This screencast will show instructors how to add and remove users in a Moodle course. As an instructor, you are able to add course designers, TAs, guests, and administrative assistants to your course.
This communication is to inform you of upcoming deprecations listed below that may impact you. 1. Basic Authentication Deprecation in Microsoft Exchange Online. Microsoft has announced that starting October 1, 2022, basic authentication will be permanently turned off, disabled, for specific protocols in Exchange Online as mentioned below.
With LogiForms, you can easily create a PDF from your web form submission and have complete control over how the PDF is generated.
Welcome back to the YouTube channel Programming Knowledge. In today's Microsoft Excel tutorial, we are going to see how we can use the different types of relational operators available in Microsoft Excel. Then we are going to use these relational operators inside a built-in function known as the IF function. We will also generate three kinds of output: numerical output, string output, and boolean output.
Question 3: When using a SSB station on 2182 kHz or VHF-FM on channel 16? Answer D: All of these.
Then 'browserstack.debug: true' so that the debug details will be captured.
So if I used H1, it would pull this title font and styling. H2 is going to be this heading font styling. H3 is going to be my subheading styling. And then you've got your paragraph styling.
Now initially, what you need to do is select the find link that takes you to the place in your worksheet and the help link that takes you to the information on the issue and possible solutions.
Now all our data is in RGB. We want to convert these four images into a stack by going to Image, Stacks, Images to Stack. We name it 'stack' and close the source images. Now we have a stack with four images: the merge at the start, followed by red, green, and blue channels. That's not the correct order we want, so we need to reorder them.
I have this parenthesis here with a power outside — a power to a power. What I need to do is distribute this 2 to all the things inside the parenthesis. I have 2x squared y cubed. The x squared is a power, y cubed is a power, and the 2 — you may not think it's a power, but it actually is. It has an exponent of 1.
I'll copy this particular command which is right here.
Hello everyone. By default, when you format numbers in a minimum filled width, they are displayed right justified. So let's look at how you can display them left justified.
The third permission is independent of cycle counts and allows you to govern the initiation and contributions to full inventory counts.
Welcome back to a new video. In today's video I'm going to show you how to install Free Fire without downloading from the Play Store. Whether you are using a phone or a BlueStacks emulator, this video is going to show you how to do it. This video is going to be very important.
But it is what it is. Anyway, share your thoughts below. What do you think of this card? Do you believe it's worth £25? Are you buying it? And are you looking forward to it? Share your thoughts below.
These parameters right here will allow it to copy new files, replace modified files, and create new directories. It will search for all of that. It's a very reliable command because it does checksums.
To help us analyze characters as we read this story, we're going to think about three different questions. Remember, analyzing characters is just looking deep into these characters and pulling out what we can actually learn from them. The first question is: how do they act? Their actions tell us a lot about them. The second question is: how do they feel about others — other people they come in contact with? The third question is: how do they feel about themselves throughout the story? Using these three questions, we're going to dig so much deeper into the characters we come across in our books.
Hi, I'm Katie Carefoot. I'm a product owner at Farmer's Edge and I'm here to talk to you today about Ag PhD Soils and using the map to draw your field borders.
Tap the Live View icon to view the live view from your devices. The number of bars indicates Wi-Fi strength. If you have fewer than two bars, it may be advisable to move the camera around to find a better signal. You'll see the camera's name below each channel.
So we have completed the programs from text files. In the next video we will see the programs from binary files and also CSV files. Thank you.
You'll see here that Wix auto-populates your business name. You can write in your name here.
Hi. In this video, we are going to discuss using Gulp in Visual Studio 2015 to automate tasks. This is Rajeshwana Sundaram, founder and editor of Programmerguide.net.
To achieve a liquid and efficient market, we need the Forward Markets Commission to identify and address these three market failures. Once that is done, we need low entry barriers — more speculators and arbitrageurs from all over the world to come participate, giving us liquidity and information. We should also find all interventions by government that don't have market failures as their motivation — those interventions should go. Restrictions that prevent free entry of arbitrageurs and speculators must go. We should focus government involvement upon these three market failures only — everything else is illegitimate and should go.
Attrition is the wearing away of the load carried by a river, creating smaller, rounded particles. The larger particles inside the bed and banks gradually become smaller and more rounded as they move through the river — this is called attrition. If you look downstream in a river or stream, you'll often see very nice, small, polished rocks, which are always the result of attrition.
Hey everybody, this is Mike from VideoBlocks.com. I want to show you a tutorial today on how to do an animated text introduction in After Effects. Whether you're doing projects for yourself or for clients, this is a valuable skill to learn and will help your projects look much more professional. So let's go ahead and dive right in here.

What you will do: Reproduce every line above containing "files".

Solution below:
These parameters right here will allow it to copy new files, replace modified files, and create new directories. It will search for all of that. It's a very reliable command because it does checksums.
So we have completed the programs from text files. In the next video we will see the programs from binary files and also CSV files. Thank you.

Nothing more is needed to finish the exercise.